The fancy name not withstanding, the law is simply about Iraq’s 112 billion barrels of proven, close to the surface and easily extractable oil reserves, the second largest in the world after Saudi Arabia, along with roughly 220 billion barrels of other probable and possible resources. Add to this another fact of equal importance. Iraq’s true potential is said to be far greater than this as the country has remained relatively unexplored due to years of war and sanctions.

The above mentioned two facts alone require an on-station presence of decades of some if not all four of the western oil giants i.e. Exxon, Chevron, Shell and BP.

Simple thus far, eh? Let us proceed onwards.
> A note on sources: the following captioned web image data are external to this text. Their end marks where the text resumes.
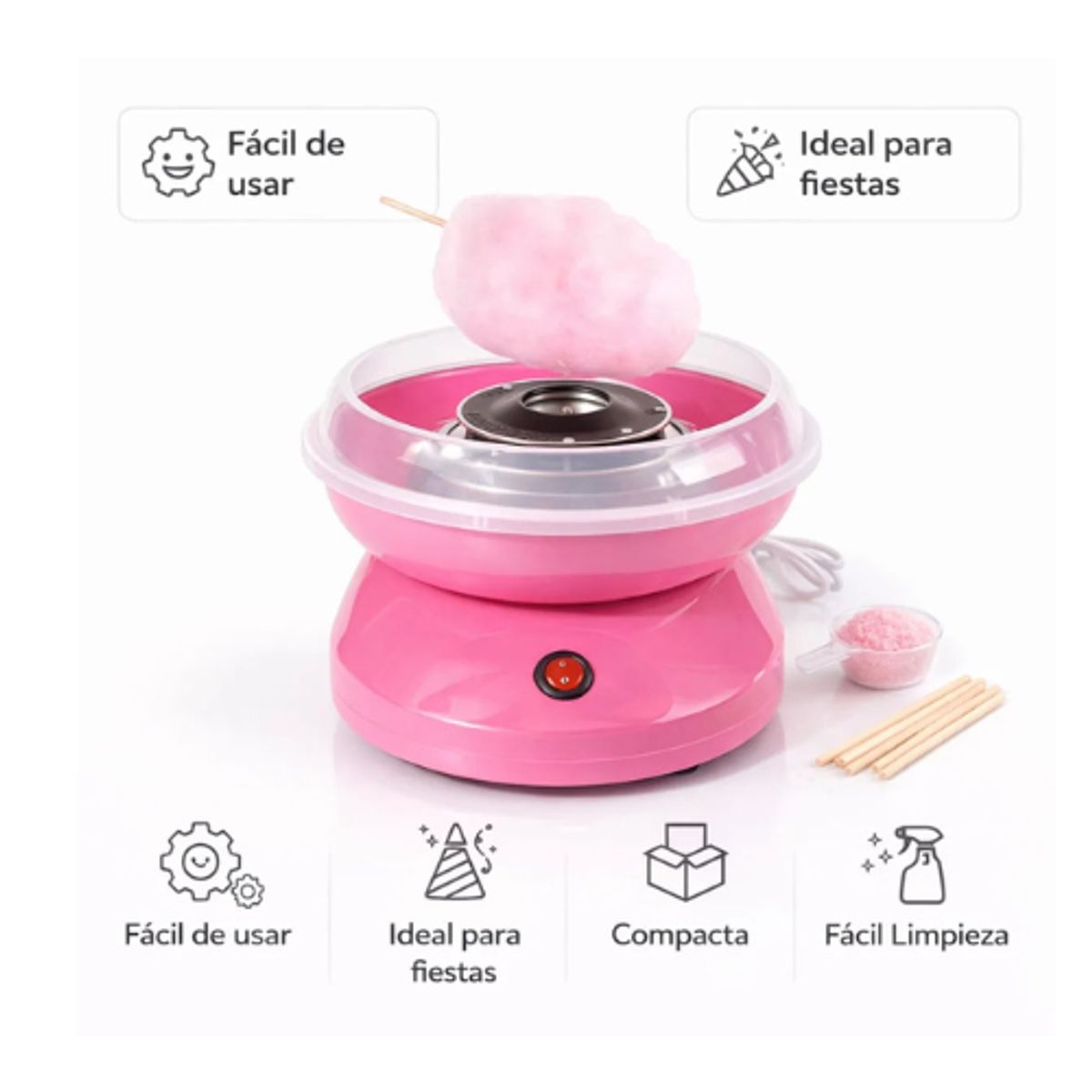 MOVI - Máquina Para Hacer Algodón Dulce Casera Disfruta Momentos Inolvidables En Familia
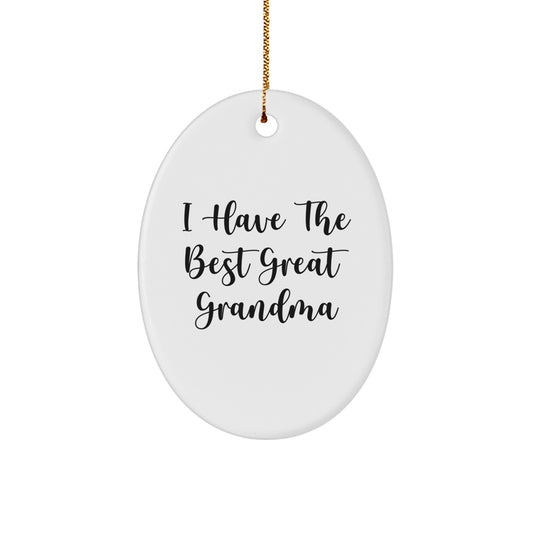 Funny Grandma Gifts from Men to Women Oval Ornament Quote I Have The Best Great Grandma - Image 1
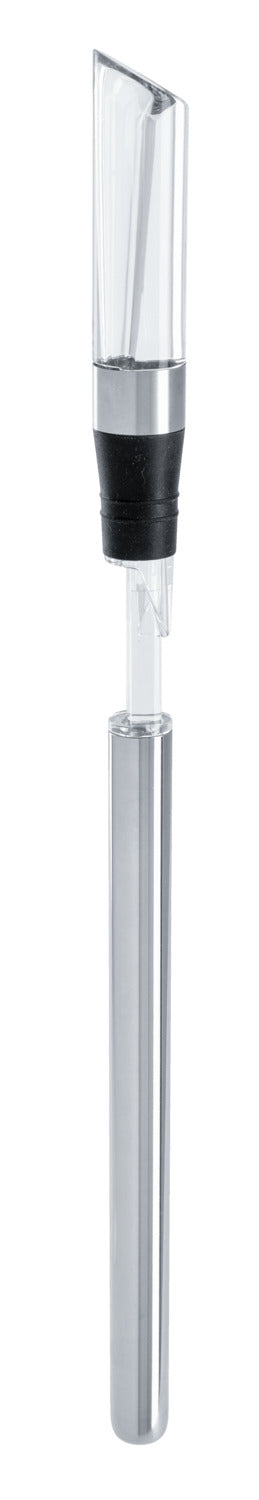 Nalewak do wina ze stojakiem chłodzącym Addi; 38 cm (D); czarny/srebro/transparentny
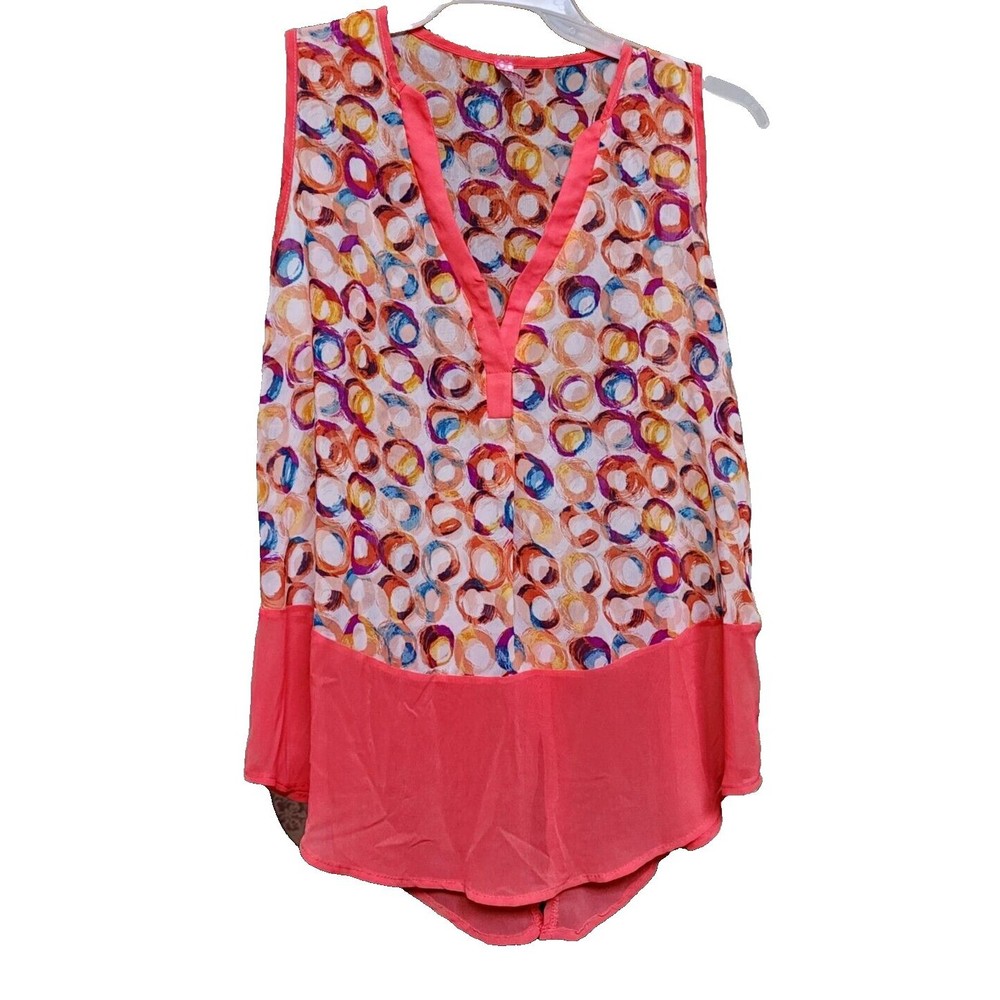 Pink Love VS Sheer Sleeveless Summer Flowy Top Size L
Khalilzad’s untiring efforts were rewarded recently by the passing of the proposed law by the puppet Iraqi government. The lolly in the law is hidden in some of its provisions that are said to be a “radical departure from the norm for developing countries”. And that is that under the new law oil majors such as BP and Shell in Britain, and Exxon and Chevron in the US, would be able to sign deals of up to 30 years to extract Iraq’s oil, a kind of contract which other oil producing countries do not want to touch by a mile long pole.

Zalmay Khalilzad is an interesting character. One recalls that Khalilzad was once an advisor to Unocal (Union Oil Company of California). A diehard Neocon, he keeps getting sent to places where the oil scent is up in the air. He was appointed as a special envoy to Afghanistan immediately after the invasion and occupation of that country along with another ex-employee of Unocal, Hamid Karzai. Karzai, though, made it to the President of that same country.

Together they drew up a risk analysis of a proposed gas pipeline from the former Soviet republic of Turkmenistan across Afghanistan and Pakistan to the Indian Ocean. Previously too Khalilzad had participated in similar talks between Unocal and Taliban officials in 1997. What is relatively unknown is that while that project remained a ‘pipe dream’, Unocal quietly merged with Chevron Corporation on August 10, 2005, and became a wholly owned subsidiary.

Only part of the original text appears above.